Thai shares slump for ninth straight day

Thai shares slump for ninth straight day

Thai shares fell for the ninth straight session on Monday. (Bangkok Post file photo)
Thai shares fell for the ninth straight session on Monday. (Bangkok Post file photo)

Most Southeast Asian markets weakened on Monday, as worries over poor economic data from China offset Wall Street cheer on strong US jobs data, while investors buckled in for a crucial week of trade negotiations.

Thai shares fell for a ninth straight session and hit their lowest level in nearly a year. "The ninth consecutive fall foreshadows continued weak domestic demand going into 2020, " economists at ING said in a note. Industrials were top losers, with Airports of Thailand losing as much as 3.7% to hit its lowest level in over two months. 

Chinese exports eased for the fourth straight month in November, implying that the 17-month long trade standoff with the United States was weighing on Southeast Asia's largest trading partner. However, data from the US showed that job growth increased the most in 10 months in November and the unemployment rate had ticked back down to its lowest level in nearly half a century. 

This week, focus turns to trade talks between the two biggest economies in the world as US President Donald Trump has to decide whether to hold off on a new set of tariffs on Chinese goods, which are set to kick in on Dec 15. "China's insistence for US tariff rollbacks remains a critical redline, " DBS Group Research wrote in a note. 

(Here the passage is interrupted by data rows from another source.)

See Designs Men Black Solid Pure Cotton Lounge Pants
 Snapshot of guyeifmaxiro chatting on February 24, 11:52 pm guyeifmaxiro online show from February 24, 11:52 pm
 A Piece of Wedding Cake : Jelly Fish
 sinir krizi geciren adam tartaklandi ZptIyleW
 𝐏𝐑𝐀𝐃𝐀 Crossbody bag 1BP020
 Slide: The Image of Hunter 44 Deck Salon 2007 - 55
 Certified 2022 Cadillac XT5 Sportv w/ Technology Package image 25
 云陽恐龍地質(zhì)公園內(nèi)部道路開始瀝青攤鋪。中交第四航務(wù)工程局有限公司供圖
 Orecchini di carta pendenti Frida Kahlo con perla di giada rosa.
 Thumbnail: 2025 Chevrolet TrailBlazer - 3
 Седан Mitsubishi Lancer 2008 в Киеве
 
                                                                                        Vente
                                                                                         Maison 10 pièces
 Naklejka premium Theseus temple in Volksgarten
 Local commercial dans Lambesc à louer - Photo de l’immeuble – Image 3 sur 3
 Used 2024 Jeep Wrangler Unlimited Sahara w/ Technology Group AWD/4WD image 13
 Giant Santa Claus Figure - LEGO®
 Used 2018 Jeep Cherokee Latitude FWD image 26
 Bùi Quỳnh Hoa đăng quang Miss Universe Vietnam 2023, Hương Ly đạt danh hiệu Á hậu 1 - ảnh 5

Malaysian stocks snapped two sessions of gains, with heavyweights such as power utility Tenaga Nasional and telecom Axiata Group dragging the index. 

The trade-sensitive Singapore index closed lower, weighed by losses in conglomerates Jardine Matheson Holdings and Jardine Strategic Holdings. 

Philippine shares dropped 0.3%. Conglomerates SM Investments Corp and Ayala Land lost 1.7% and 1.8%, respectively. 

Indonesian stocks inched up, with PT Bank Mandiri (Persero) Tbk and PT Bank Rakyat Indonesia (Persero) Tbk adding 1% and 0.2%, respectively. Indonesia's banking regulator on Monday issued a decree requiring banks to keep a minimum leverage ratio of 3% starting Jan 1, 2020.